# Meaty beard!



## jo-pop (May 27, 2011)

So, im starting Thomas on raw food. He's already developing a little staining on his chin. I need recommendation for a safe shampoo for cream coloured fur. Just to give a little wash from time to time to keep on top of it so it doesn't properly stain.
Any tips please?


----------



## carly87 (Feb 11, 2011)

I use Anju Beaute on mine and it's great, but expensive. F1R2 also do a very good shampoo. Glad you mentioned the staining though. I was considering raw for a treat, although have my reservations anyway, but now am not so sure I'll try it.


----------



## jo-pop (May 27, 2011)

I think if you fed chunks of raw chicken or turkey it would be fine (better than mince too), try putting on plate or mat rather than bowl perhaps. I'm going to try that.
This is mince in a bowl thats done it so his chin is right in it.


----------



## carly87 (Feb 11, 2011)

It was mince I was going to try. Mine think I'm offering them poison if I offer chunks, an djust don't touch the stuff.


----------



## jo-pop (May 27, 2011)

Can anyone else advise of a product to remove staining which I can get hold of a bit easier?

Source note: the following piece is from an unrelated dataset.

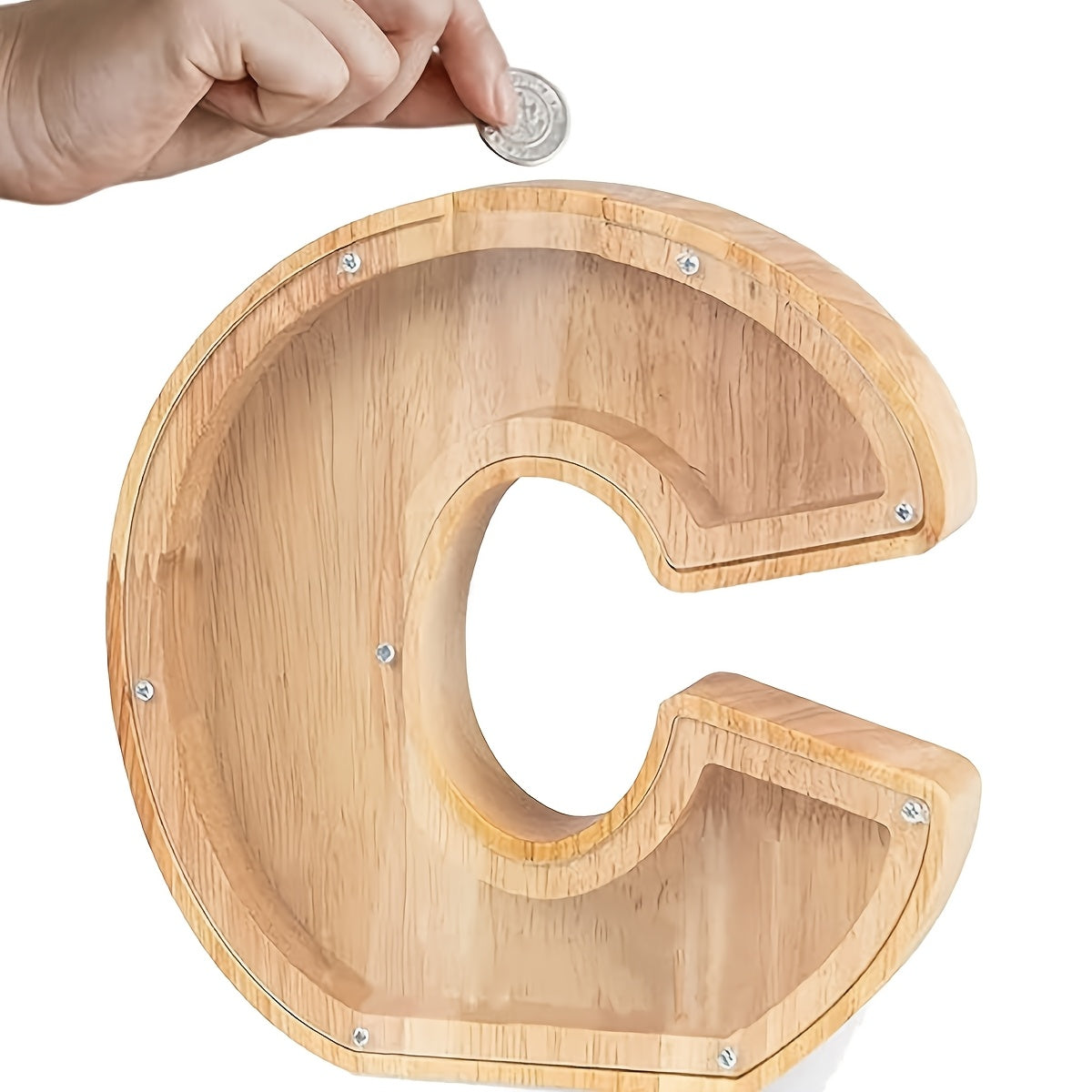 Wooden Letter Piggy Bank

I'm just worried if I don't get to work on his chin it will stain for good. It's a very light Mark at moment so just want to keep on top of it.

Any effective natural cleaners that could help?


----------



## jo-pop (May 27, 2011)

carly87 said:


> I use Anju Beaute on mine and it's great, but expensive. F1R2 also do a very good shampoo. Glad you mentioned the staining though. I was considering raw for a treat, although have my reservations anyway, but now am not so sure I'll try it.


The F1R2 Snowburst one?


----------



## jo-pop (May 27, 2011)

Would a bi carb solution work? I use that on everything!!
It's used in baking so can't be that bad can it...?


----------



## rcmadd (Feb 6, 2011)

there is a product called "diamond eyes" available from good pet stores.. mainly used to aid in the removal of tear stains on white/light coloured dogs

saves bathing all the time.. just dap/wipe with a cotton wool pad.


----------



## carly87 (Feb 11, 2011)

Yep, the Snowburst one. The Anju colour one is also fab.


----------



## jo-pop (May 27, 2011)

Update - the trusty bi carb paste seems to be helping. 
Of course I made sure he didn't get it in his mouth and rinse him very well.

Oh I love that stuff... Now, off to scrub my sink with what's leftover


----------